Since I don’t pay much attention to television commercials for alcoholic beverages, I almost missed something I think is important. You may not agree that it is important, but maybe you will agree that it is at least interesting and thought-provoking.
The commercial was for Jack Daniels whiskey. Did I really hear what I thought I’d heard? Were they really saying that the town in which this beverage is distilled is “dry?”
I did some checking on the internet and found out that this was, indeed, what they were saying. The sale of alcoholic beverages is against the law in Lynchburg, Tennessee. I found out more than that. I discovered that the entire county (Moore County) is “dry!”
When I found that out, my mind went back to an incident that took place possibly a quarter of a century ago. I was working on some material about the dangers involved in drinking alcoholic beverages. I decided to make an unusual phone call.
At that time, we lived about twenty miles or so from a distributor for a major beer company. I decided to place a call to this business and do a little “unusual research.”
I did everything I could to keep them from thinking that I was trying to “ambush” them. I identified myself as a preacher and explained what I was doing to the person with whom I was talking. I then asked what I thought was a fairly simple question: “Do you allow the drivers of your trucks to drink?”
The person on the other end of the call seemed to be incredulous. As I remember it, the question was: “Do you mean while they are working?”

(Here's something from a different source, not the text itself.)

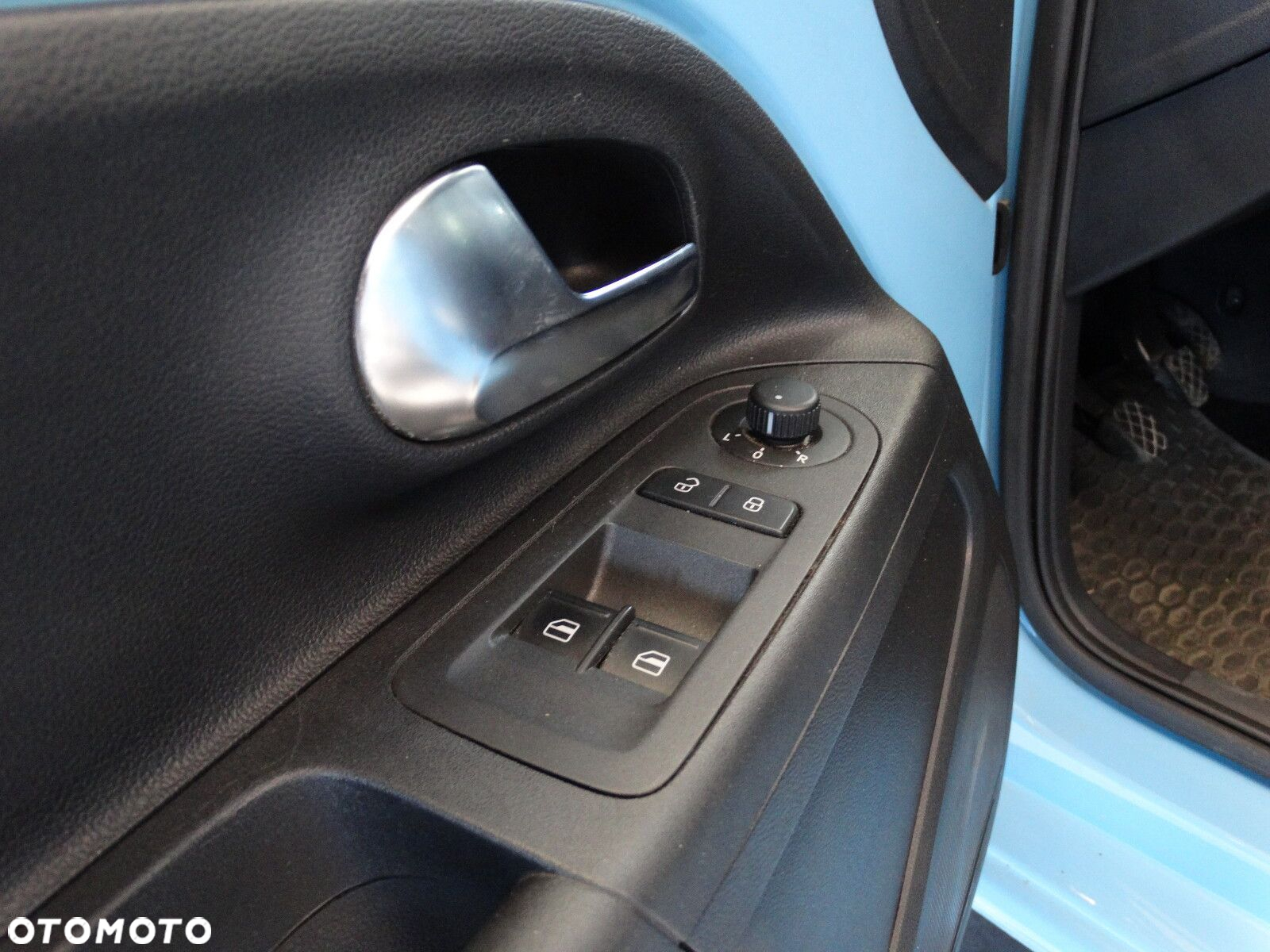 Volkswagen up! - 26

When I answered that this was what I was asking, you would have thought from the reaction on the other end of the line that the person knew she was dealing with a real nut case. Her answer was emphatic: “Of course not!”
I had a follow-up question: “Not at all?” The other person in the conversation quickly and firmly assured me that this was the policy. Once again, I thought I could tell from the tone of her voice that she thought I needed to “get some help.”

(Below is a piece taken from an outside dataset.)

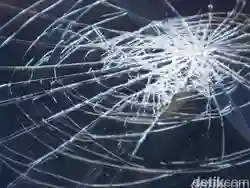 2 Orang Tewas Setelah Motornya Tabrak Trotoar dan Kena Tabrak Truk di Bogor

Here is where we are so far. The entire county in which a famous whiskey is distilled is dry. Also, the policy of a distributor for what is probably the largest beer company in the world is that they will not allow their drivers to use their product while they are “on the clock.”
What does all of this have to do with a public service announcement? Unless you’ve been under a rock somewhere for quite some time, you’ve probably both seen and heard it.
Buzzed driving is drunk driving.
Since I am a preacher (at least part-time now), I might be expected to approach everything from a biblical perspective. I decided to approach this slightly differently this time. Instead of questioning and/or arguing about exactly what the Bible teaches about the use of alcoholic beverages, I thought it might be good to let different sources weigh in on the discussion.
It seems to me that, even if I had never seen a Bible, I would have a pretty good reason to avoid alcohol altogether. After all; what other product can you think about that never wants you to see their best customers?
Since I do have a Bible, I understand that my purpose in life is to do my best to glorify God in all that I do. I, for one, would find that very difficult to do with a can of beer, a glass of wine, or a shot of whiskey in my hand.